Analyse the output of polyApipe.py. The resulting directory can be loaded with load_banquet. An HTML report is also produced.

do_pipeline(
  out_path,
  counts_file_dir = NULL,
  counts_files = NULL,
  batch_names = "",
  peak_info_file,
  organism,
  cell_name_func = function(batch, cell) paste0(batch, cell),
  cells_to_use = NULL,
  remove_mispriming = TRUE,
  utr_or_extension_only = FALSE,
  peak_min_present = 50,
  peak_min_prop = 0.01,
  do_logNormCounts = TRUE,
  do_computeSumFactors = TRUE,
  title = "polyApiper pipeline run",
  stages = seq_along(PIPELINE_STAGES)
)

Arguments

out_path	Output directory name.
counts_file_dir	A directory containing counts files. Batch names are taken from the basename of the count files without the .tab.gz suffix. Give either this argument or `counts_files` but not both.
counts_files	Alternative to counts_file_dir. One or more filenames for .tab.gz files produced by polyApipe.py.
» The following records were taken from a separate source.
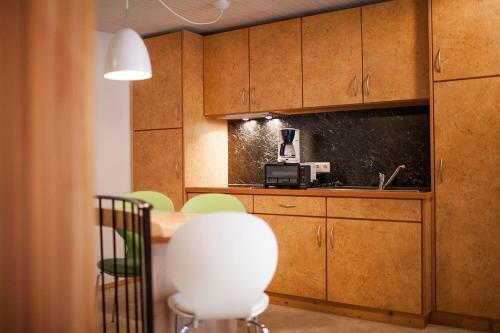 Lodge Appartements Claudia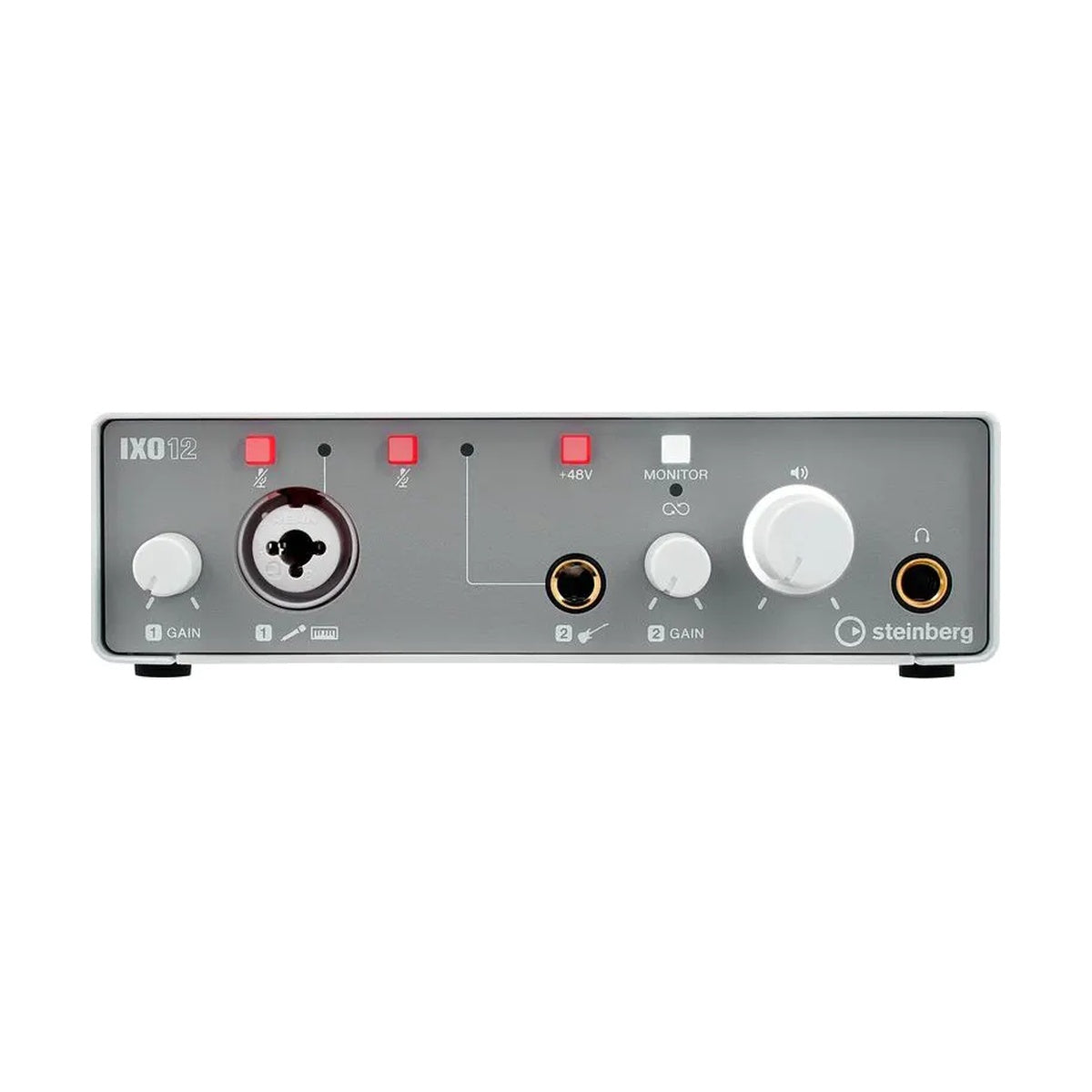 Steinberg IXO12 White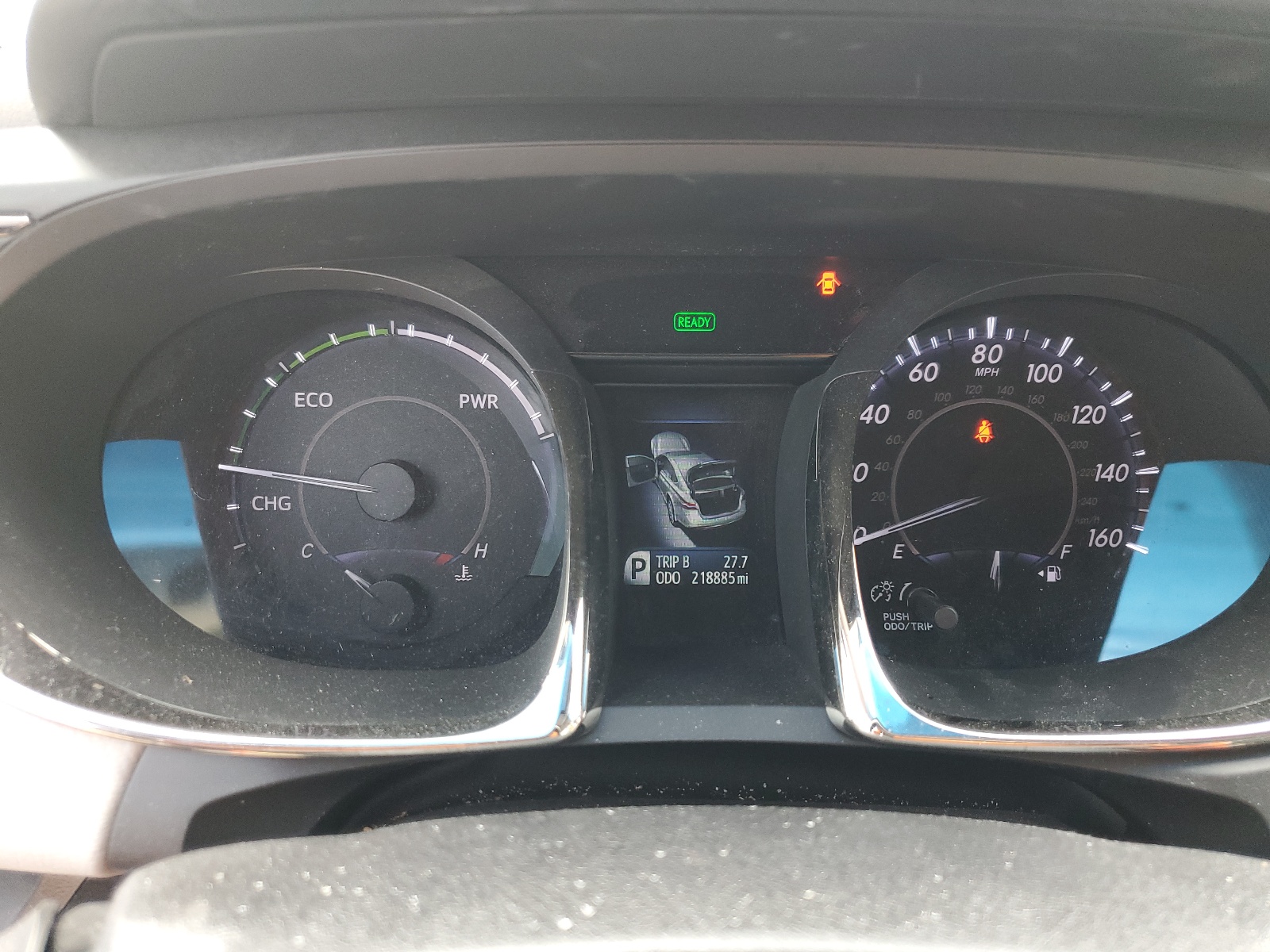 4T1BD1EB6EU029611 2014 Toyota Avalon Hybrid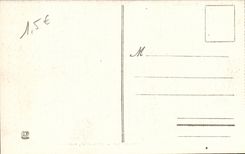 Saint Bertrand de Comminges CPA close Luchon stalls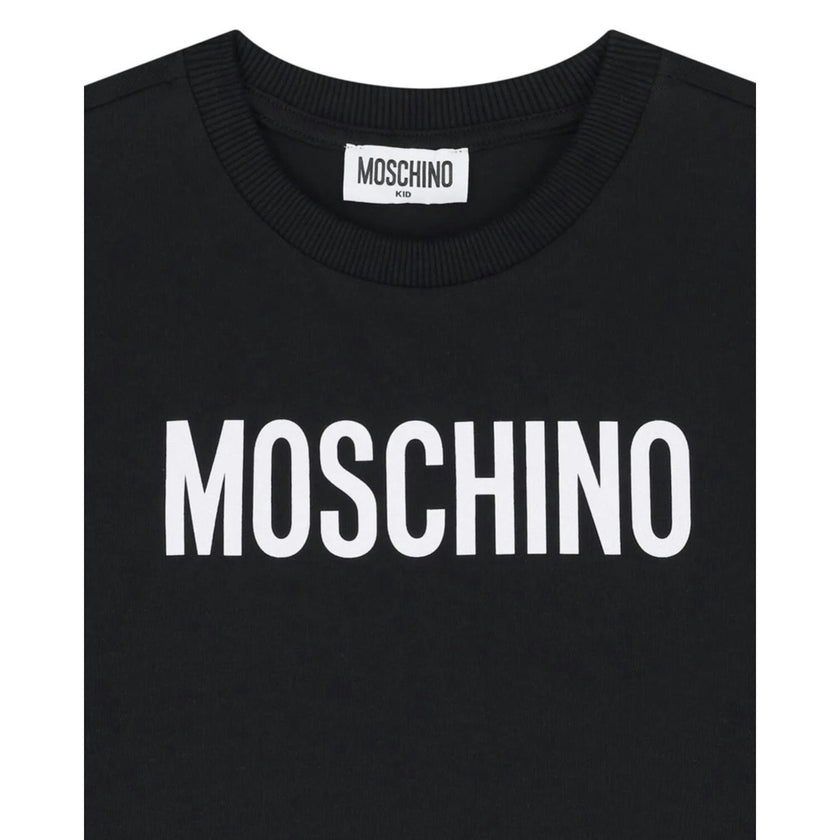 Black Logo T-Shirt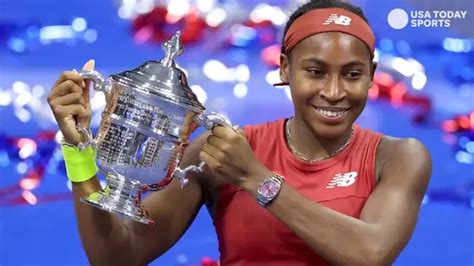 Coco Gauff Wins Us Open Claims First Grand Slam At Arise News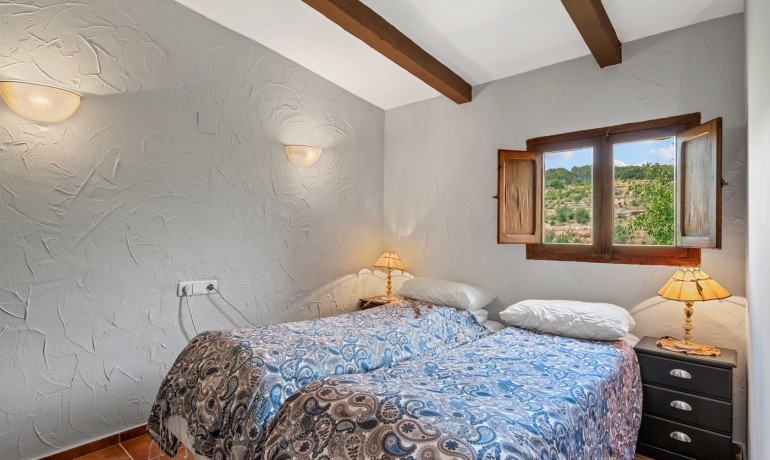 Revente - Finca / Propriété de campagne -
La Nucia* - La Nucia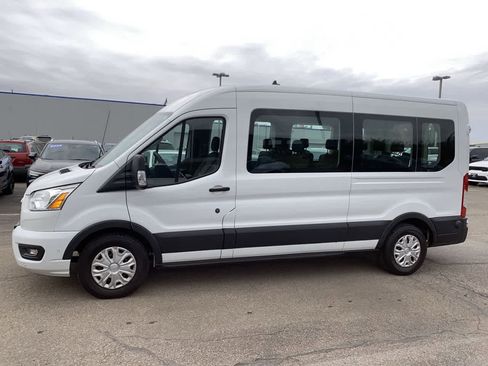 Used 2020 Ford Transit 350 XLT image 3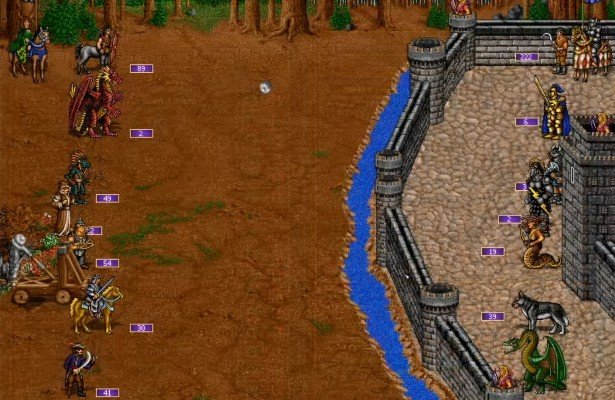 Heroes of Might and Magic: Polacy i Rosjanie przenoszą „dwójkę” na silnik „trójki” [WIDEO]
Give either this argument or `counts_file_dir` but not both.
batch_names	If using counts_files, give a vector of the batch/sample names, in same order as counts_files
peak_info_file	GTF formatted peak file as output from polyApipe.py.
organism	Organism directory, as created by `do_ensembl_organism`.
cells_to_use	Character vector of cells to use.
remove_mispriming	Remove peaks considered to be mispriming peaks.
utr_or_extension_only	Remove peaks in the 5'UTR, exons, or introns.
peak_min_present	A peak is retained if it is present in this number of cells.
peak_min_prop	A peak is used for APA and gene expression calculations only if it constitutes at least this proportion of total UMIs for the gene.
do_logNormCounts	Compute logcounts for gene and peak expression?
do_computeSumFactors	When computing logcounts, use scran::computeSumFactors? If not, unadjusted cell library sizes are used.
title	Title to use in report.
stages	Stages of the pipeline to run. Stages are listed in PIPELINE_STAGES.

Value

There is no return value. Results are placed in the out_path directory. They can be loaded using load_banquet(out_path).

Details

You can choose to run only specific stages of the pipeline with the stages argument. See the global PIPELINE_STAGES for possible stages. stages is a character vector or an integer vector indexing into PIPELINE_STAGES.